The Sola Scriptura Fallacy

There is a teaching practiced by many protestants called sola scriptura. This is where only scripture (only books of scripture in the protestant main canon, ignoring the apocrypha) is allowed to contribute to doctrines that pertain to eternal life. It has a problem of being what is called self-referentially incoherent which is to say that it in itself does not come from scripture. However it is widely practiced such that many protestants will not accept doctrines important to eternal life unless they come from scriptures in their canon of scripture.

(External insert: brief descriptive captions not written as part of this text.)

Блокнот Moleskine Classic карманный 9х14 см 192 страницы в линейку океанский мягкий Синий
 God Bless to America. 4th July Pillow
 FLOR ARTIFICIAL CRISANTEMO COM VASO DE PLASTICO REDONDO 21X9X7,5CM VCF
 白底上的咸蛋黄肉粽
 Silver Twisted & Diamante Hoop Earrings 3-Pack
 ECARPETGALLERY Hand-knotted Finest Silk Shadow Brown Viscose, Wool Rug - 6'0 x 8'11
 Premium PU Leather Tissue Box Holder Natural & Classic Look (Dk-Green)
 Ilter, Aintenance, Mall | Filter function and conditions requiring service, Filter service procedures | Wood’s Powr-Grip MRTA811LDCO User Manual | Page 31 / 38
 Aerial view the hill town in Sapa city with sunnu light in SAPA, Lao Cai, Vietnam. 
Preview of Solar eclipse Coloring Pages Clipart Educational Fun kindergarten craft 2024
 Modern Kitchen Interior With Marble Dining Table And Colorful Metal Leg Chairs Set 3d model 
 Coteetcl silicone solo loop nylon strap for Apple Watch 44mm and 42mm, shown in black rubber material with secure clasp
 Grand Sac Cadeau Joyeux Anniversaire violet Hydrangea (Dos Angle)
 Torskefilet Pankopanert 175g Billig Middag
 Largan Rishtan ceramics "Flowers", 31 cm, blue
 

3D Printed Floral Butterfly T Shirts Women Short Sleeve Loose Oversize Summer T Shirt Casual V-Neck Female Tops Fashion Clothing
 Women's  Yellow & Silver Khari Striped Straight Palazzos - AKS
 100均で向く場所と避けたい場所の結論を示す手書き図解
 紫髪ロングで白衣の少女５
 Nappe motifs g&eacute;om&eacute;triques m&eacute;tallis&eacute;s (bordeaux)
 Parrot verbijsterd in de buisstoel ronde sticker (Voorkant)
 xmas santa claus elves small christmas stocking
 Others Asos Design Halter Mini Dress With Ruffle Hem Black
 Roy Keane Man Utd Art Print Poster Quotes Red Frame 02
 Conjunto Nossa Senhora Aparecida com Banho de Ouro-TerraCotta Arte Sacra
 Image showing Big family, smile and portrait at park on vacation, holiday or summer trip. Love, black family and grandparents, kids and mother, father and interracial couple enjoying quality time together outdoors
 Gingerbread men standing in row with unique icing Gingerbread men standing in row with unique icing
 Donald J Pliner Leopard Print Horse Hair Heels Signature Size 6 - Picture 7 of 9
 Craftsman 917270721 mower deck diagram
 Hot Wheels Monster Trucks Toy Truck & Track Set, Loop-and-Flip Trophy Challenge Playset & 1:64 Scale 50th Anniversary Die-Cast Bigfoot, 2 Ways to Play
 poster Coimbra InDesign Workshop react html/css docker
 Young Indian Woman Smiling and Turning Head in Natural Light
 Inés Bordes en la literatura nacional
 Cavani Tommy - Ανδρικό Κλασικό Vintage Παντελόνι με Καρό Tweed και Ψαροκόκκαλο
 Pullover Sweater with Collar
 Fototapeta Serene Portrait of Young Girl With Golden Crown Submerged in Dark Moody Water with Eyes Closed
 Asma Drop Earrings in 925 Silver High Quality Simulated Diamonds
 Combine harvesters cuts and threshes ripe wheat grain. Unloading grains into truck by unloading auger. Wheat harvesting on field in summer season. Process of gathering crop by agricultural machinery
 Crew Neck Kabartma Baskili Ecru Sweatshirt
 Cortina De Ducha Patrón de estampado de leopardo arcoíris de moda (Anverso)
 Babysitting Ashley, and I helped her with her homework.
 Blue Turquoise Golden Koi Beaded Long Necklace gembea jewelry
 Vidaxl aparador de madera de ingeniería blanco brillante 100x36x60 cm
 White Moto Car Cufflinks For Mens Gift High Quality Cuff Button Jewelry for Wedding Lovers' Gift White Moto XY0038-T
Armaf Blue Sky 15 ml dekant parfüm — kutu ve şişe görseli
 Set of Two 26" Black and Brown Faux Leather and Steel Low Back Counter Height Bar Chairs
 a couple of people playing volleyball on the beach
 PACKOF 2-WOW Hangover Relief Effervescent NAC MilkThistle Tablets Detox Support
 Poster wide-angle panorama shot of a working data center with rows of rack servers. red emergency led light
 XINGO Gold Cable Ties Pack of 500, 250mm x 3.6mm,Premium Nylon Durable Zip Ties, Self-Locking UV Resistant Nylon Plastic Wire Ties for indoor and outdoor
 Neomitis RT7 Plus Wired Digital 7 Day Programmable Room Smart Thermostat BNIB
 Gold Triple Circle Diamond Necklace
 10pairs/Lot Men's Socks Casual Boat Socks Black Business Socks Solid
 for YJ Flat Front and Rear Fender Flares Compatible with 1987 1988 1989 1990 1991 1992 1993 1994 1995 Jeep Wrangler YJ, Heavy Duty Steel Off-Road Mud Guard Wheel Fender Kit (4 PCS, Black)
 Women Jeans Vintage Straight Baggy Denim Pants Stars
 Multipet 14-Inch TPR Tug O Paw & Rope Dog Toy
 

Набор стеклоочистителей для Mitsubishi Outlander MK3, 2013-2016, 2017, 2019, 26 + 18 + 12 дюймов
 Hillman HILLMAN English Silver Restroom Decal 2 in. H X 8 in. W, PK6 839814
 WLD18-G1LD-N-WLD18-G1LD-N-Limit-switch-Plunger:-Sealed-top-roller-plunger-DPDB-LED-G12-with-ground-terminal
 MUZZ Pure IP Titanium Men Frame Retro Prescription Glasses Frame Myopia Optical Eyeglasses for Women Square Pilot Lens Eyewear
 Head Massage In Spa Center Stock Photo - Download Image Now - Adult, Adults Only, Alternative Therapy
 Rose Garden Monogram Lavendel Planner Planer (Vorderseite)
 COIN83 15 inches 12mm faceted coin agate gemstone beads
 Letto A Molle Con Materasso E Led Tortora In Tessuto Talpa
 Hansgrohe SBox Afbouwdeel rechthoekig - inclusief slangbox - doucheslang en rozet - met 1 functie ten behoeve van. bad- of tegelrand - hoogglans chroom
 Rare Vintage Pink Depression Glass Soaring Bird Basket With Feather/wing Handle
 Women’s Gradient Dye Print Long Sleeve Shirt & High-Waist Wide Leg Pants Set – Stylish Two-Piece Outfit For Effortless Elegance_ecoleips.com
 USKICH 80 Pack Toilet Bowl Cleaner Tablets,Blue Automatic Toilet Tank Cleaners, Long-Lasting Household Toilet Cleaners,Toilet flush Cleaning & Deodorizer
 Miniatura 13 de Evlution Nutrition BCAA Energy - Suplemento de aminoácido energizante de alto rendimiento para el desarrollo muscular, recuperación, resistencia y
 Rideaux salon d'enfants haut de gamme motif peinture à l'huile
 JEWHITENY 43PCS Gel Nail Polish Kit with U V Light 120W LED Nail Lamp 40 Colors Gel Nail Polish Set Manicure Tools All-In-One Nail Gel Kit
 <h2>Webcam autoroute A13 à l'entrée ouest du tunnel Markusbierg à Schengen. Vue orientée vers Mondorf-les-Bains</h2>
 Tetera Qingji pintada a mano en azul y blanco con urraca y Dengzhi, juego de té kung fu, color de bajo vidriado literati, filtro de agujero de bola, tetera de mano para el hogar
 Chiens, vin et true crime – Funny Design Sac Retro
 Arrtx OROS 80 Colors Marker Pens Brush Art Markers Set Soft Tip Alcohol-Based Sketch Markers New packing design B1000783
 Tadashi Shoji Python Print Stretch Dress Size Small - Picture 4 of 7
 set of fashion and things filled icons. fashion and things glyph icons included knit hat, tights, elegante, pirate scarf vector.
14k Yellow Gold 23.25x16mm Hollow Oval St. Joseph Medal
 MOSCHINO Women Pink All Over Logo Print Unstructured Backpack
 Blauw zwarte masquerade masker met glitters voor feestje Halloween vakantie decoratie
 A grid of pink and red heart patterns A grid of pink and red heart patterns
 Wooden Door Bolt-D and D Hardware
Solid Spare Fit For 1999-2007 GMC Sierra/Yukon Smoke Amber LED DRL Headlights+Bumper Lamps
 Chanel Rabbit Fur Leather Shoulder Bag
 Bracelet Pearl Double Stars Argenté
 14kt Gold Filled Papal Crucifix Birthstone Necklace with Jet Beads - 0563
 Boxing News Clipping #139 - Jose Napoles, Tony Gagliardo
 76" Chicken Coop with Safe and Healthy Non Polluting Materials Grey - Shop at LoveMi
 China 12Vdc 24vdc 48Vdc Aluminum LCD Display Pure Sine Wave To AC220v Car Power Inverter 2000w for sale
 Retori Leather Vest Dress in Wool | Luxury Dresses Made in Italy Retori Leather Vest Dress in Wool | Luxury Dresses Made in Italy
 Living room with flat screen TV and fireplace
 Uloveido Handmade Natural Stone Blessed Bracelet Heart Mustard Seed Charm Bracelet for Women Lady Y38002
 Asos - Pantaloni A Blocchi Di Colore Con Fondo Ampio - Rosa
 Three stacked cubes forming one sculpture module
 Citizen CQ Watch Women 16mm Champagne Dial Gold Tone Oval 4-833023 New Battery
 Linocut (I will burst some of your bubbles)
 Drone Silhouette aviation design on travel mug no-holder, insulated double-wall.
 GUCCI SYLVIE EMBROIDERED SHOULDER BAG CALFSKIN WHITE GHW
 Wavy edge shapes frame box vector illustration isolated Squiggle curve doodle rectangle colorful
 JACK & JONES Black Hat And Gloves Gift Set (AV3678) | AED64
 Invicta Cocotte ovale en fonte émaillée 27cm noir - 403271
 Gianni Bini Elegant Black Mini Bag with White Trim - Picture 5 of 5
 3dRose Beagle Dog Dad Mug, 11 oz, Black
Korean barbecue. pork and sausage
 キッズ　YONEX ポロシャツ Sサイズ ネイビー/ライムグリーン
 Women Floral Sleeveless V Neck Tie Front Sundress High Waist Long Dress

Yet when it comes to understanding certain scriptures this causes a dead-lock because there are scriptures which cannot be understood correctly without sources outside the protestant canon. One example is the Nephilim of Genesis 6 and other books of Moses. Here is where you need to go outside of protestant canon books to find out who were the sons of God from whom descended the giants, the Nephilim. The Nephilim are also called sons of Anak or Anakim in canonised scripture of the Hebrew Bible. Understanding what that means requires a trip into Sumerian literature and the Book of Enoch. The Sumerians from whom Noah descended, and Noah’s own descendants, they were taught by Noah and Enoch to call the top angels “sons of God” or Anunnaki in their language. So when they were then told that the giants who terrorised the world centuries before the Flood were offspring of these Anunnaki the term sons of sons of God might have been coined and maybe the term “sons of Anak” or Anakim later used came into Hebrew from the Sumerian and Akkadian for sons of the Anunnaki (sons of sons of God).